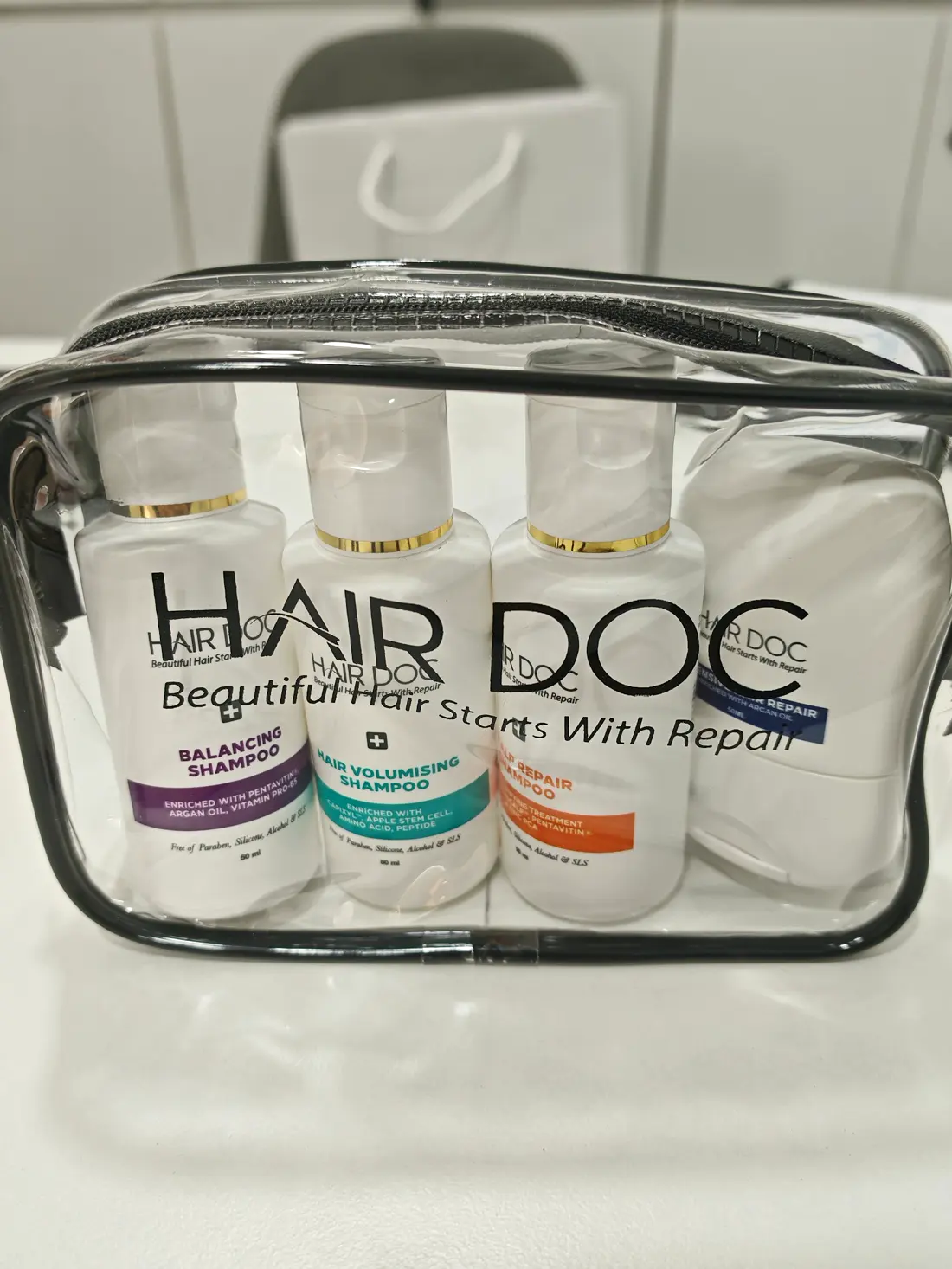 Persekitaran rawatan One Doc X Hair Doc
+++
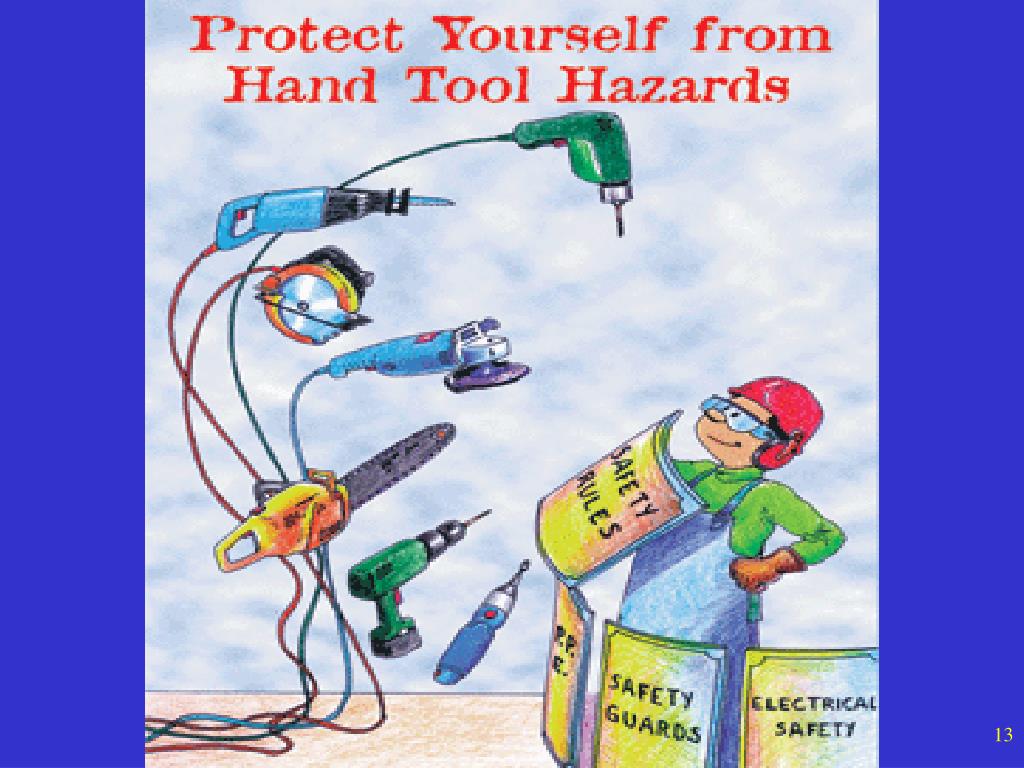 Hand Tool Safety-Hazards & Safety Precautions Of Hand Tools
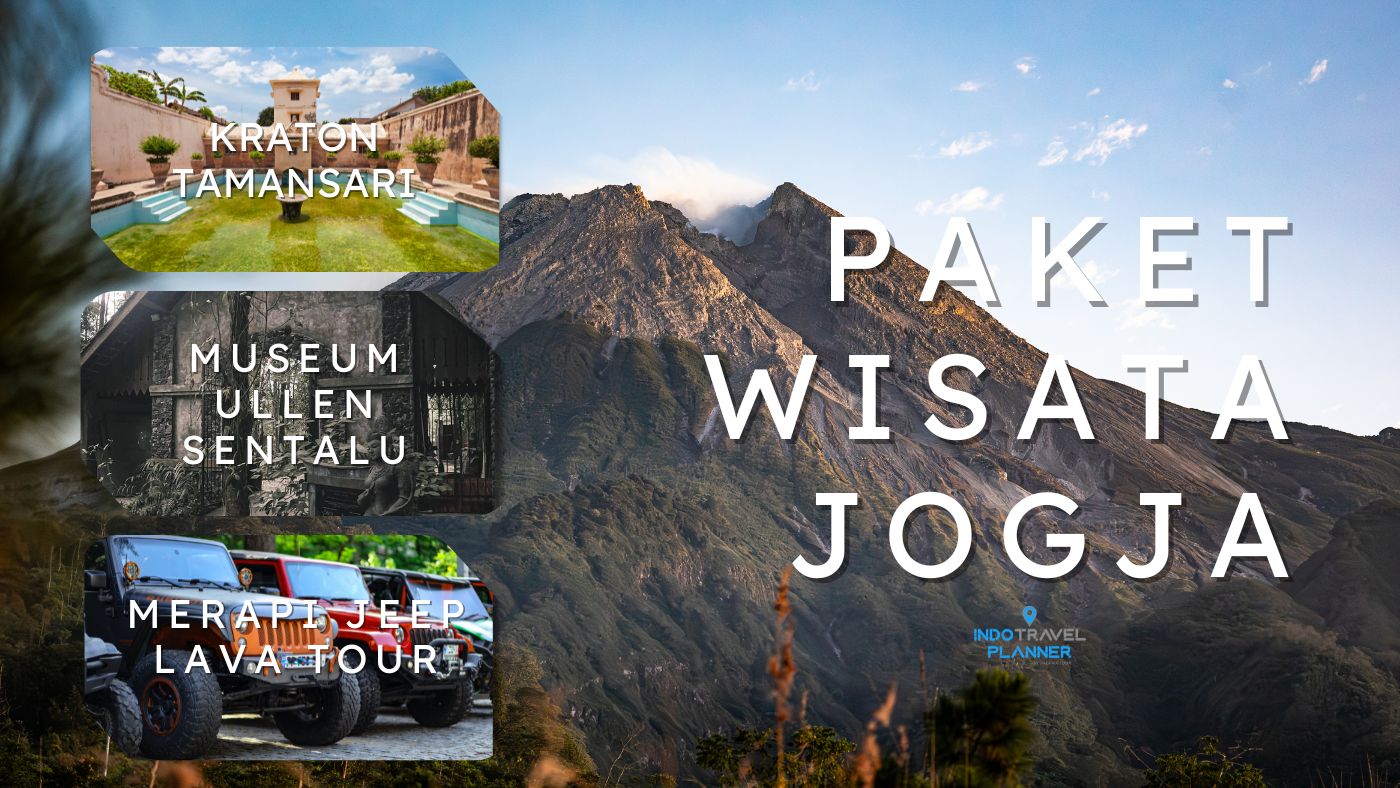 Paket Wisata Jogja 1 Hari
+++
→ **What the exercise asks**
Up in the listing, locate the line with "Hand Tool Safety-Hazards"; print it and every line after it down to the line with "Paket Wisata Jogja 1 Hari", which is included too. Skip the pictures.

→ **Solution to the problem**
 Hand Tool Safety-Hazards & Safety Precautions Of Hand Tools
 Paket Wisata Jogja 1 Hari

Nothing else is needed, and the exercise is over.